Consulats généraux de France: des coupes mal accueillies en Acadie

Des groupes acadiens et français dénoncent les compressions que doit subir le Consulat général de France dans les Provinces atlantiques. Au total, 15 postes doivent être supprimés dans les consulats généraux de France au Canada, dont trois au bureau de Moncton.

La décision a été annoncée mardi lors d’une réunion consulaire, soit une rencontre annuelle des consuls généraux de la France au Canada.

Les compressions iront de l’avant à moins qu’intervienne directement le ministre français des Affaires étrangères. C’est ce qu’explique François Lubrina, conseiller consulaire pour Montréal-Moncton-Halifax et conseiller à l’Assemblée des Français de l’étranger pour le Canada.

L’ancien médecin vétérinaire et journaliste a assisté au rassemblement de mardi.

«C’est une décision qui est prise qui n’est pas réalisée, mais qui est à un stade où la décision a été annoncée lors de la réunion consulaire de mardi.»

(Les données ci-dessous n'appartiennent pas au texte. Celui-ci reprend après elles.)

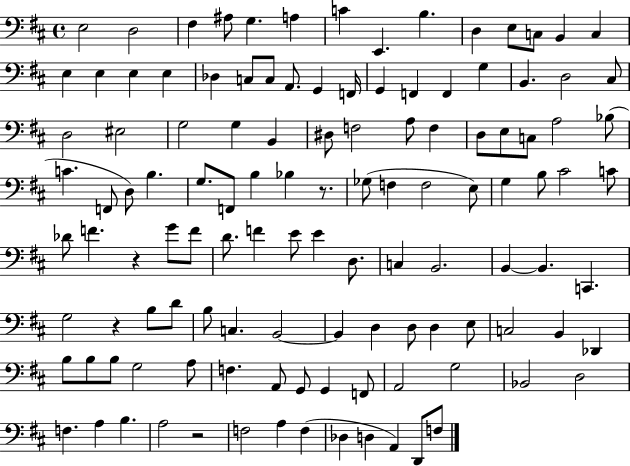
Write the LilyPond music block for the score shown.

{
  \clef bass
  \time 4/4
  \defaultTimeSignature
  \key d \major
  e2 d2 | fis4 ais8 g4. a4 | c'4 e,4. b4. | d4 e8 c8 b,4 c4 | \break e4 e4 e4 e4 | des4 c8 c8 a,8. g,4 f,16 | g,4 f,4 f,4 g4 | b,4. d2 cis8 | \break d2 eis2 | g2 g4 b,4 | dis8 f2 a8 f4 | d8 e8 c8 a2 bes8( | \break c'4. f,8 d8) b4. | g8. f,8 b4 bes4 r8. | ges8( f4 f2 e8) | g4 b8 cis'2 c'8 | \break des'8 f'4. r4 g'8 f'8 | d'8. f'4 e'8 e'4 d8. | c4 b,2. | b,4~~ b,4. c,4. | \break g2 r4 b8 d'8 | b8 c4. b,2~~ | b,4 d4 d8 d4 e8 | c2 b,4 des,4 | \break b8 b8 b8 g2 a8 | f4. a,8 g,8 g,4 f,8 | a,2 g2 | bes,2 d2 | \break f4. a4 b4. | a2 r2 | f2 a4 f4( | des4 d4 a,4) d,8 f8 | \break \bar "|."
}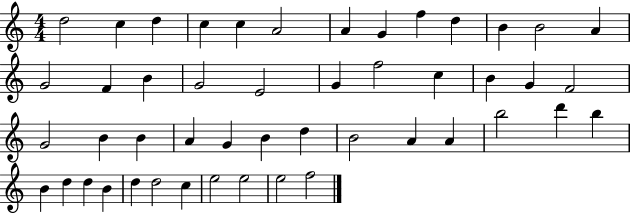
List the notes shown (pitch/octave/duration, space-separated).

D5/h C5/q D5/q C5/q C5/q A4/h A4/q G4/q F5/q D5/q B4/q B4/h A4/q G4/h F4/q B4/q G4/h E4/h G4/q F5/h C5/q B4/q G4/q F4/h G4/h B4/q B4/q A4/q G4/q B4/q D5/q B4/h A4/q A4/q B5/h D6/q B5/q B4/q D5/q D5/q B4/q D5/q D5/h C5/q E5/h E5/h E5/h F5/h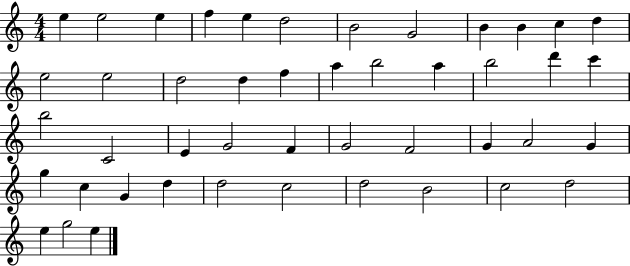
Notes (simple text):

E5/q E5/h E5/q F5/q E5/q D5/h B4/h G4/h B4/q B4/q C5/q D5/q E5/h E5/h D5/h D5/q F5/q A5/q B5/h A5/q B5/h D6/q C6/q B5/h C4/h E4/q G4/h F4/q G4/h F4/h G4/q A4/h G4/q G5/q C5/q G4/q D5/q D5/h C5/h D5/h B4/h C5/h D5/h E5/q G5/h E5/q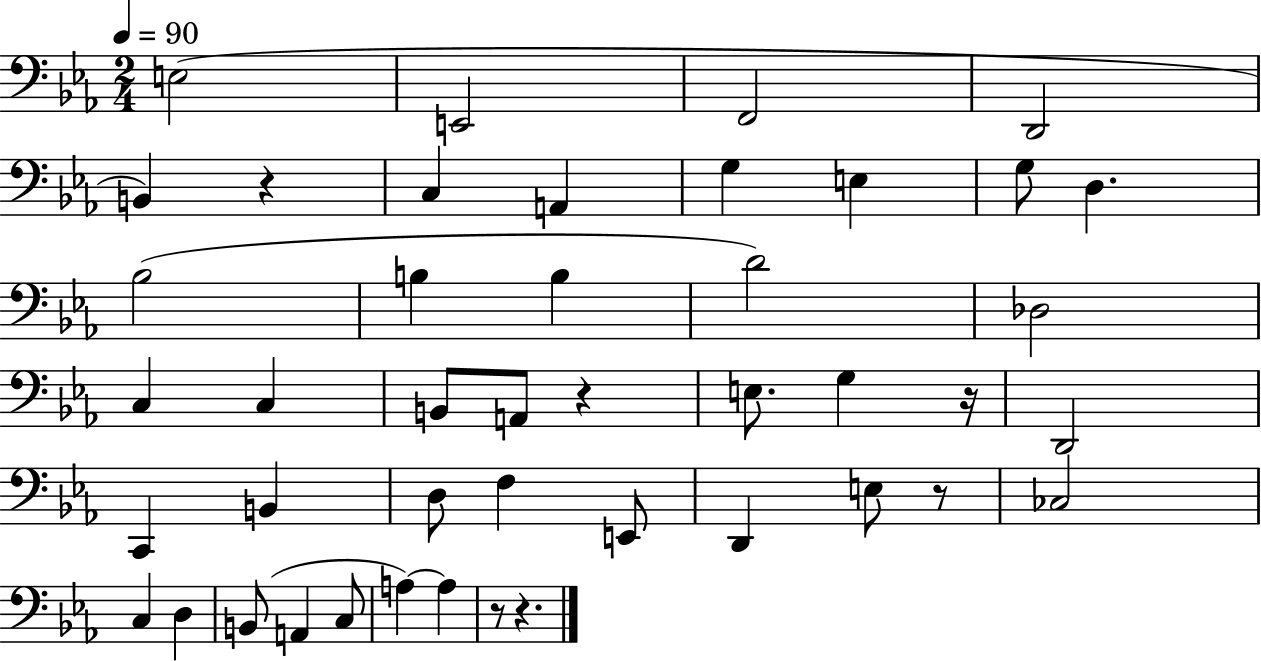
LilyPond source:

{
  \clef bass
  \numericTimeSignature
  \time 2/4
  \key ees \major
  \tempo 4 = 90
  e2( | e,2 | f,2 | d,2 | \break b,4) r4 | c4 a,4 | g4 e4 | g8 d4. | \break bes2( | b4 b4 | d'2) | des2 | \break c4 c4 | b,8 a,8 r4 | e8. g4 r16 | d,2 | \break c,4 b,4 | d8 f4 e,8 | d,4 e8 r8 | ces2 | \break c4 d4 | b,8( a,4 c8 | a4~~) a4 | r8 r4. | \break \bar "|."
}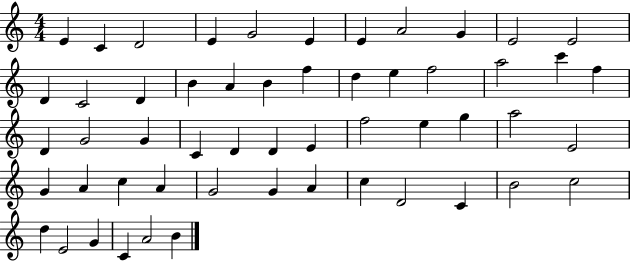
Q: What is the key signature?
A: C major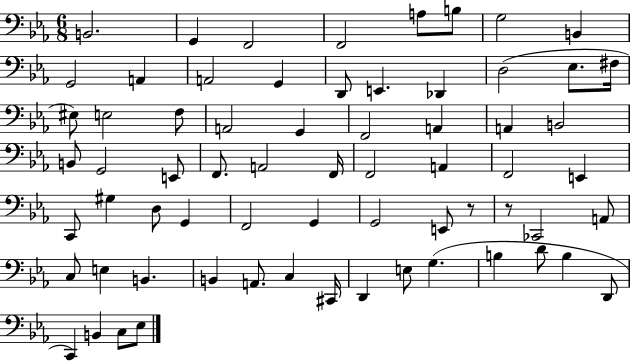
X:1
T:Untitled
M:6/8
L:1/4
K:Eb
B,,2 G,, F,,2 F,,2 A,/2 B,/2 G,2 B,, G,,2 A,, A,,2 G,, D,,/2 E,, _D,, D,2 _E,/2 ^F,/4 ^E,/2 E,2 F,/2 A,,2 G,, F,,2 A,, A,, B,,2 B,,/2 G,,2 E,,/2 F,,/2 A,,2 F,,/4 F,,2 A,, F,,2 E,, C,,/2 ^G, D,/2 G,, F,,2 G,, G,,2 E,,/2 z/2 z/2 _C,,2 A,,/2 C,/2 E, B,, B,, A,,/2 C, ^C,,/4 D,, E,/2 G, B, D/2 B, D,,/2 C,, B,, C,/2 _E,/2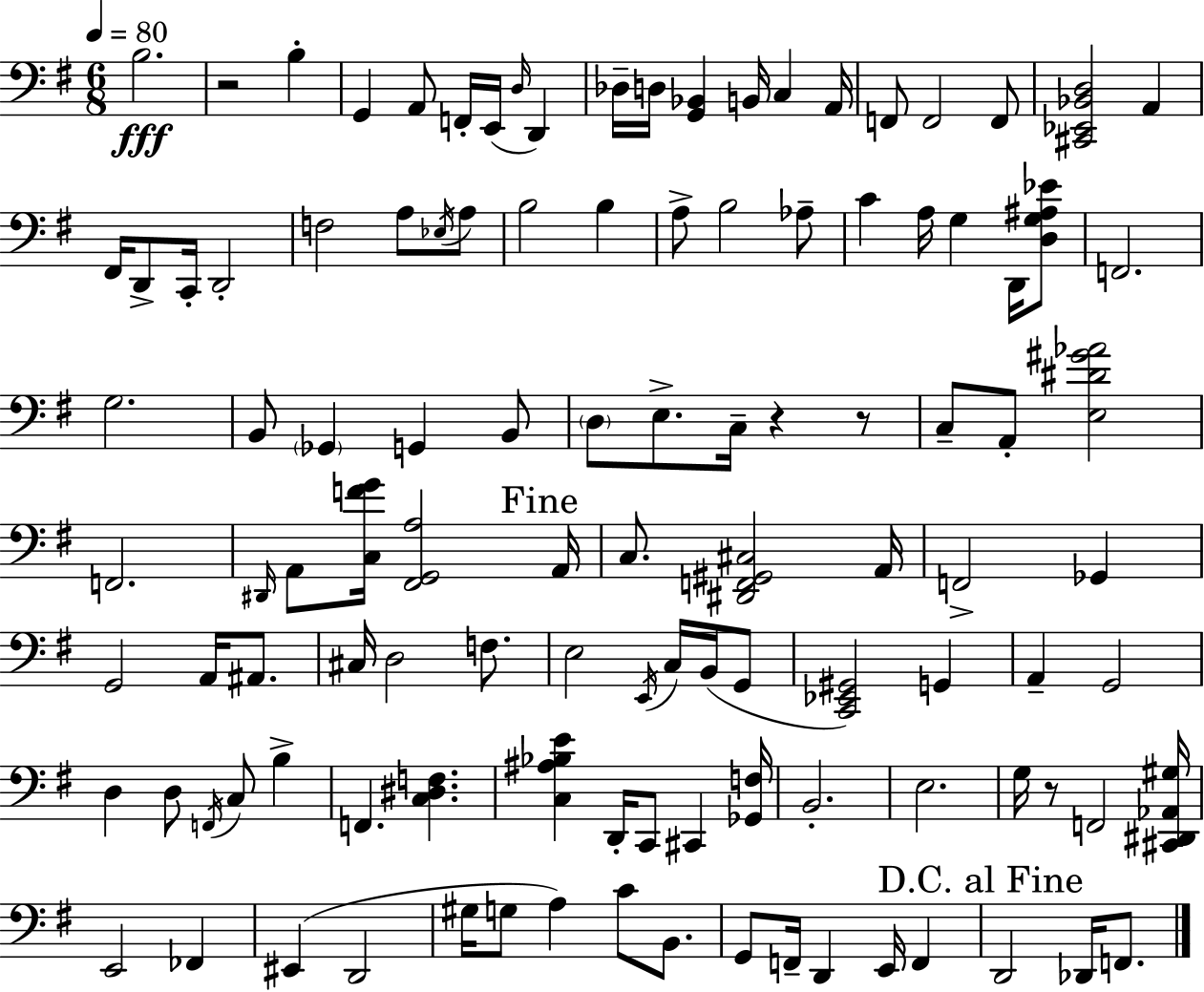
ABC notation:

X:1
T:Untitled
M:6/8
L:1/4
K:G
B,2 z2 B, G,, A,,/2 F,,/4 E,,/4 D,/4 D,, _D,/4 D,/4 [G,,_B,,] B,,/4 C, A,,/4 F,,/2 F,,2 F,,/2 [^C,,_E,,_B,,D,]2 A,, ^F,,/4 D,,/2 C,,/4 D,,2 F,2 A,/2 _E,/4 A,/2 B,2 B, A,/2 B,2 _A,/2 C A,/4 G, D,,/4 [D,G,^A,_E]/2 F,,2 G,2 B,,/2 _G,, G,, B,,/2 D,/2 E,/2 C,/4 z z/2 C,/2 A,,/2 [E,^D^G_A]2 F,,2 ^D,,/4 A,,/2 [C,FG]/4 [^F,,G,,A,]2 A,,/4 C,/2 [^D,,F,,^G,,^C,]2 A,,/4 F,,2 _G,, G,,2 A,,/4 ^A,,/2 ^C,/4 D,2 F,/2 E,2 E,,/4 C,/4 B,,/4 G,,/2 [C,,_E,,^G,,]2 G,, A,, G,,2 D, D,/2 F,,/4 C,/2 B, F,, [C,^D,F,] [C,^A,_B,E] D,,/4 C,,/2 ^C,, [_G,,F,]/4 B,,2 E,2 G,/4 z/2 F,,2 [^C,,^D,,_A,,^G,]/4 E,,2 _F,, ^E,, D,,2 ^G,/4 G,/2 A, C/2 B,,/2 G,,/2 F,,/4 D,, E,,/4 F,, D,,2 _D,,/4 F,,/2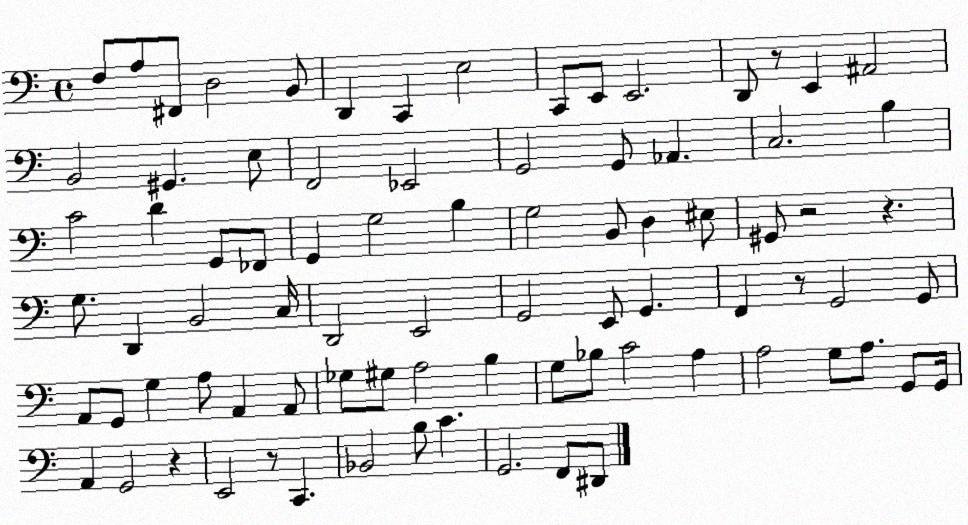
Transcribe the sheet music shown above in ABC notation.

X:1
T:Untitled
M:4/4
L:1/4
K:C
F,/2 A,/2 ^F,,/2 D,2 B,,/2 D,, C,, E,2 C,,/2 E,,/2 E,,2 D,,/2 z/2 E,, ^A,,2 B,,2 ^G,, E,/2 F,,2 _E,,2 G,,2 G,,/2 _A,, C,2 B, C2 D G,,/2 _F,,/2 G,, G,2 B, G,2 B,,/2 D, ^E,/2 ^G,,/2 z2 z G,/2 D,, B,,2 C,/4 D,,2 E,,2 G,,2 E,,/2 G,, F,, z/2 G,,2 G,,/2 A,,/2 G,,/2 G, A,/2 A,, A,,/2 _G,/2 ^G,/2 A,2 B, G,/2 _B,/2 C2 A, A,2 G,/2 A,/2 G,,/2 G,,/4 A,, G,,2 z E,,2 z/2 C,, _B,,2 B,/2 C G,,2 F,,/2 ^D,,/2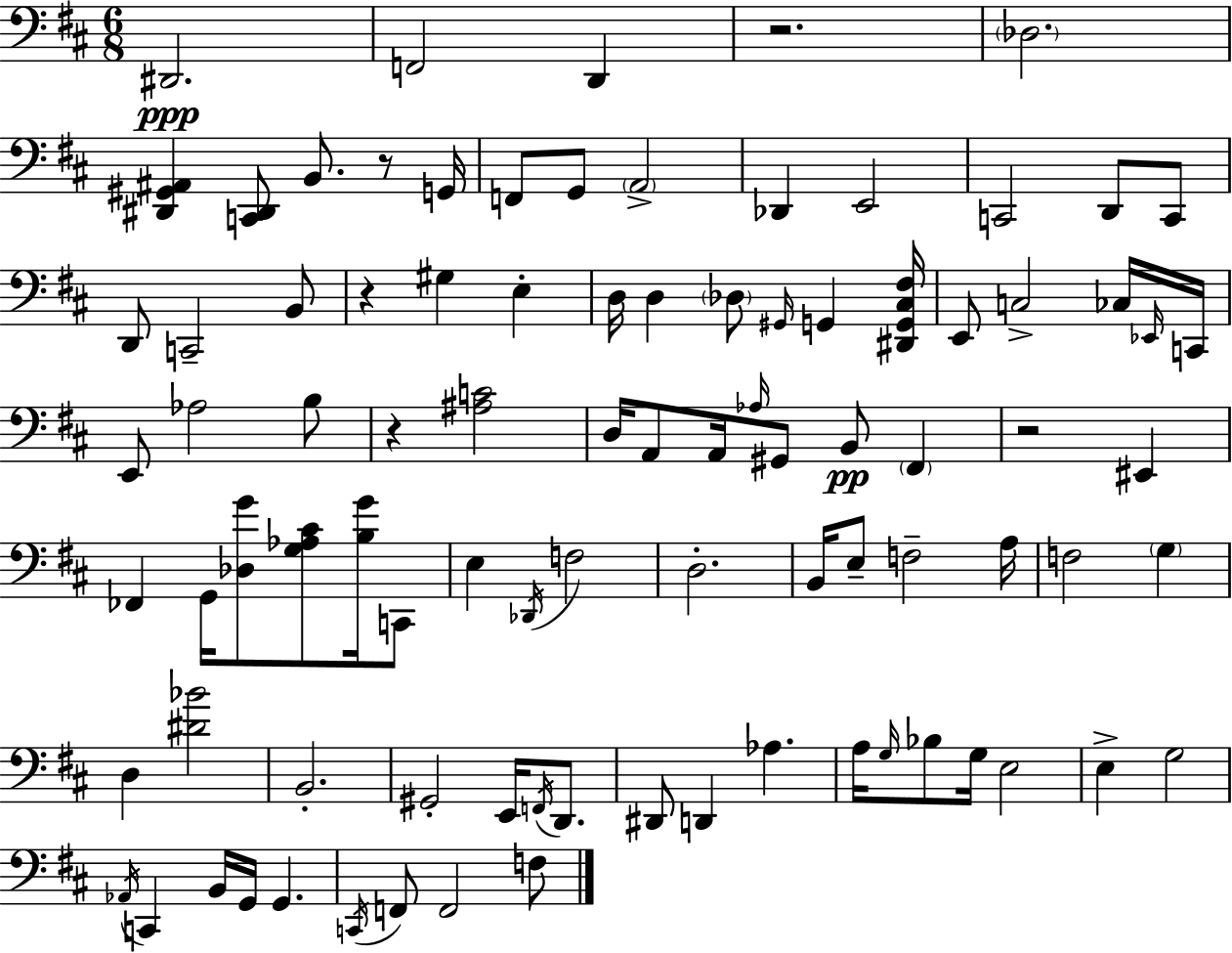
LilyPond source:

{
  \clef bass
  \numericTimeSignature
  \time 6/8
  \key d \major
  dis,2.\ppp | f,2 d,4 | r2. | \parenthesize des2. | \break <dis, gis, ais,>4 <c, dis,>8 b,8. r8 g,16 | f,8 g,8 \parenthesize a,2-> | des,4 e,2 | c,2 d,8 c,8 | \break d,8 c,2-- b,8 | r4 gis4 e4-. | d16 d4 \parenthesize des8 \grace { gis,16 } g,4 | <dis, g, cis fis>16 e,8 c2-> ces16 | \break \grace { ees,16 } c,16 e,8 aes2 | b8 r4 <ais c'>2 | d16 a,8 a,16 \grace { aes16 } gis,8 b,8\pp \parenthesize fis,4 | r2 eis,4 | \break fes,4 g,16 <des g'>8 <g aes cis'>8 | <b g'>16 c,8 e4 \acciaccatura { des,16 } f2 | d2.-. | b,16 e8-- f2-- | \break a16 f2 | \parenthesize g4 d4 <dis' bes'>2 | b,2.-. | gis,2-. | \break e,16 \acciaccatura { f,16 } d,8. dis,8 d,4 aes4. | a16 \grace { g16 } bes8 g16 e2 | e4-> g2 | \acciaccatura { aes,16 } c,4 b,16 | \break g,16 g,4. \acciaccatura { c,16 } f,8 f,2 | f8 \bar "|."
}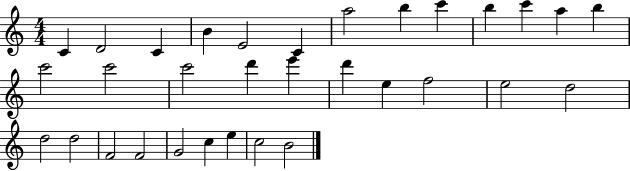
X:1
T:Untitled
M:4/4
L:1/4
K:C
C D2 C B E2 C a2 b c' b c' a b c'2 c'2 c'2 d' e' d' e f2 e2 d2 d2 d2 F2 F2 G2 c e c2 B2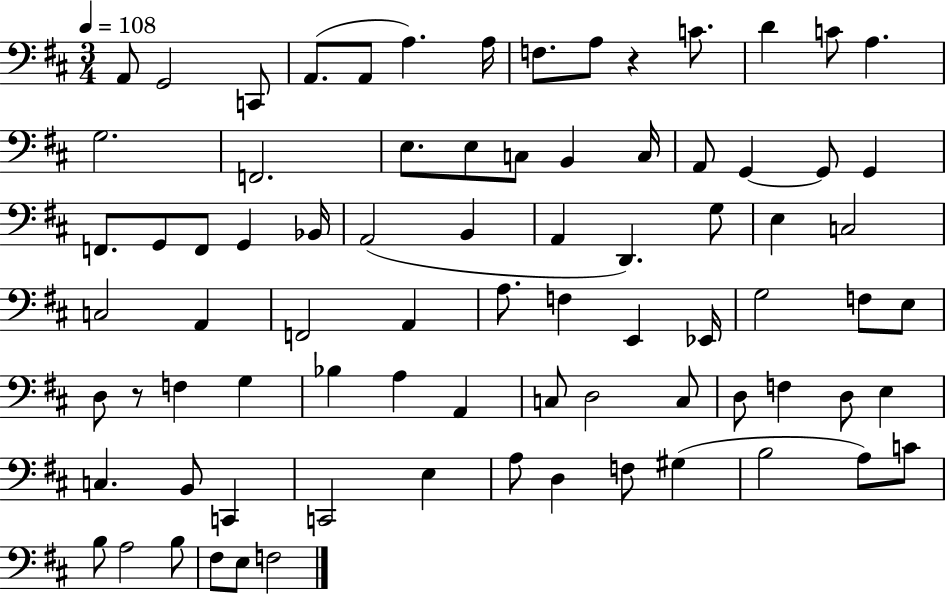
{
  \clef bass
  \numericTimeSignature
  \time 3/4
  \key d \major
  \tempo 4 = 108
  \repeat volta 2 { a,8 g,2 c,8 | a,8.( a,8 a4.) a16 | f8. a8 r4 c'8. | d'4 c'8 a4. | \break g2. | f,2. | e8. e8 c8 b,4 c16 | a,8 g,4~~ g,8 g,4 | \break f,8. g,8 f,8 g,4 bes,16 | a,2( b,4 | a,4 d,4.) g8 | e4 c2 | \break c2 a,4 | f,2 a,4 | a8. f4 e,4 ees,16 | g2 f8 e8 | \break d8 r8 f4 g4 | bes4 a4 a,4 | c8 d2 c8 | d8 f4 d8 e4 | \break c4. b,8 c,4 | c,2 e4 | a8 d4 f8 gis4( | b2 a8) c'8 | \break b8 a2 b8 | fis8 e8 f2 | } \bar "|."
}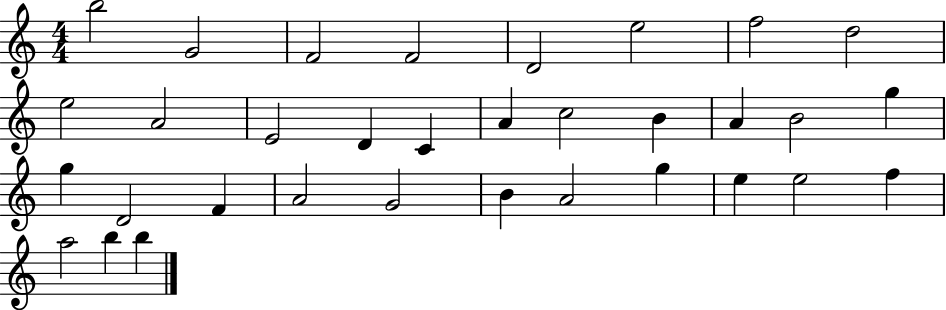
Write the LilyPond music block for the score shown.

{
  \clef treble
  \numericTimeSignature
  \time 4/4
  \key c \major
  b''2 g'2 | f'2 f'2 | d'2 e''2 | f''2 d''2 | \break e''2 a'2 | e'2 d'4 c'4 | a'4 c''2 b'4 | a'4 b'2 g''4 | \break g''4 d'2 f'4 | a'2 g'2 | b'4 a'2 g''4 | e''4 e''2 f''4 | \break a''2 b''4 b''4 | \bar "|."
}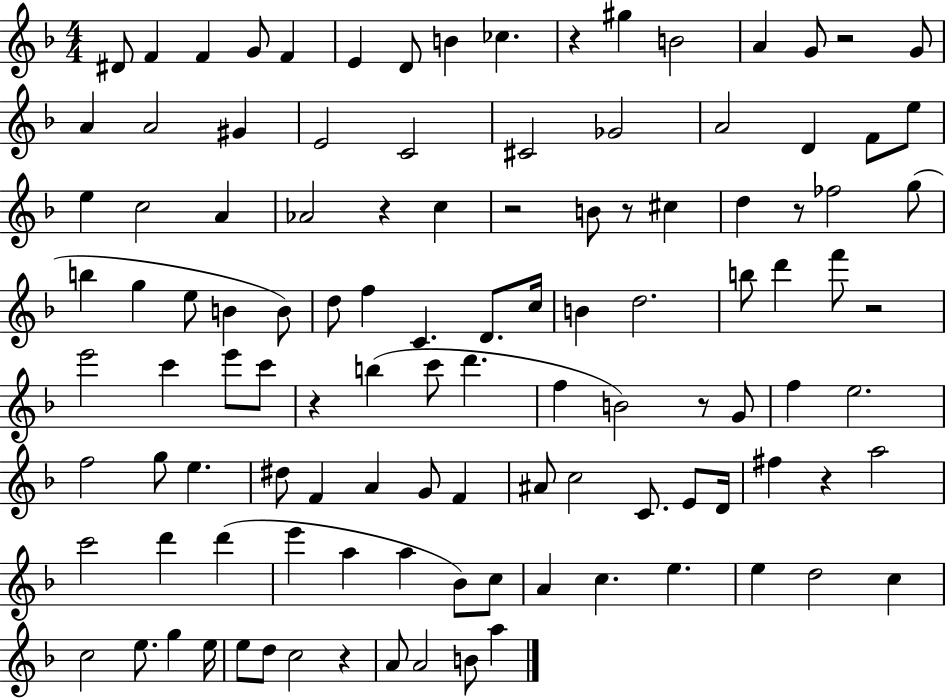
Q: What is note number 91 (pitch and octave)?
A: C5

«Le Quai d’Orsay (le ministère français des Affaires étrangères) peut encore revenir sur sa décision dans la mesure où cela crée quand même une émotion, non seulement dans la population française, mais aussi acadienne.»

La nouvelle aura des impacts néfastes sur l’immigration française en Acadie, estime-t-il.

«Ces trois postes, c’est très grave. Non seulement qu’on supprime ces trois postes, mais on supprime les services consulaires.»

Ces services, qui seront déménagés à Montréal, comprennent l’émission de passeports et des pièces d’identité, ainsi que les questions sur l’état civil.

«C’est très dommageable pour l’immigration française. Un immigrant ne devient pas canadien le lendemain de son arrivée. Il faut trois ou quatre ans, et avec tous les papiers, quatre ou cinq ans. On imagine mal des Français avec leur famille aller faire des allers-retours à Montréal.»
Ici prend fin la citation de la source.